Dutch researcher Telecompaper this week provides an updated view of the Dutch pay TV market which puts fresh numbers on the rival operators VodafoneZiggo and KPN, and which certainly supports our belief that UPC and Ziggo should never have been allowed to merge. It makes the point that Ziggo and KPN have 84% of the pay TV market, on rising revenues but falling market share with VodafoneZiggo on over 52%.
There is no mention of broadband, but our own calculations would have KPN at 2.2 million broadband homes, and VodafoneZiggo at 3.3 million, giving them around 76% jointly, with VodafoneZiggo on 45.6%.
Clearly the two mergers of UPC with Ziggo and then Vodafone with the combined companies, have created a market leader in multiple operator categories – not something usually allowed by the European Commission under its competition policy.
The Dutch TV market contracted slightly in Q2 said Telecompaper to 7.45 million subscribers with only IPTV showing growth, and cable, satellite and DTT losing customers, with subscription TV revenues coming out at €464 million for the quarter, €1.85 billion for the year, which will rise through 2020 and then begin to fall.

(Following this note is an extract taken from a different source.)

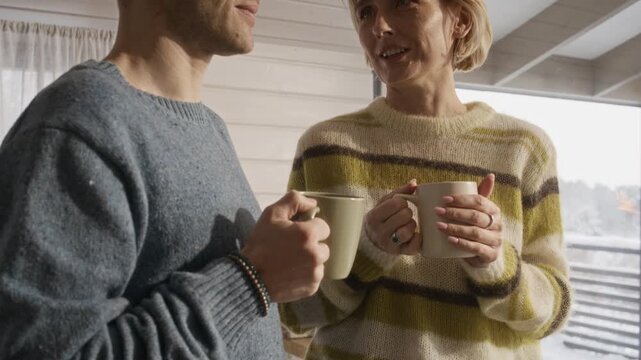 Middle aged Caucasian couple standing near window in wooden cabin, holding mugs and talking. Footage is perfect for real estate marketing, winter vacation promos, or family lifestyle campaigns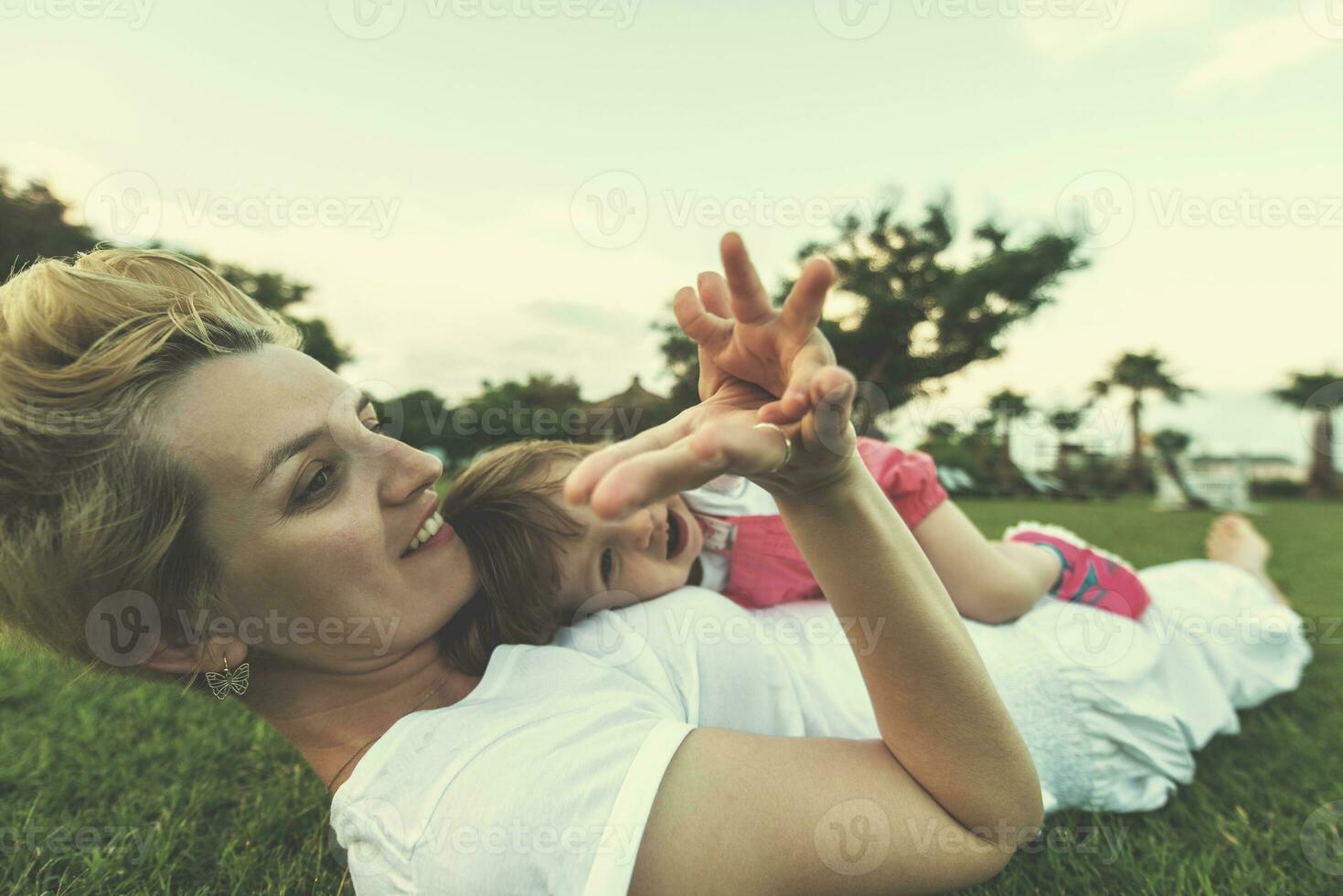 mother and little daughter playing at backyard photo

Cable held 55.9% of connections, IPTV over DSL had 21% and fiber was third with a 15.8% share, with both satellite and DTT on under 5%.
It says that this year analog TV will be shut off on cable and this will create more of a subscriber slide in cable.
Other TV providers in the market include M7, which provides satellite and online TV, which has 4.5% and Canal Digitaal and cable firms Delta and Caiway, owned by EQT, for a combined share of 4.4%. Finally T-Mobile and Tele2 own 4.2% of the Dutch TV market.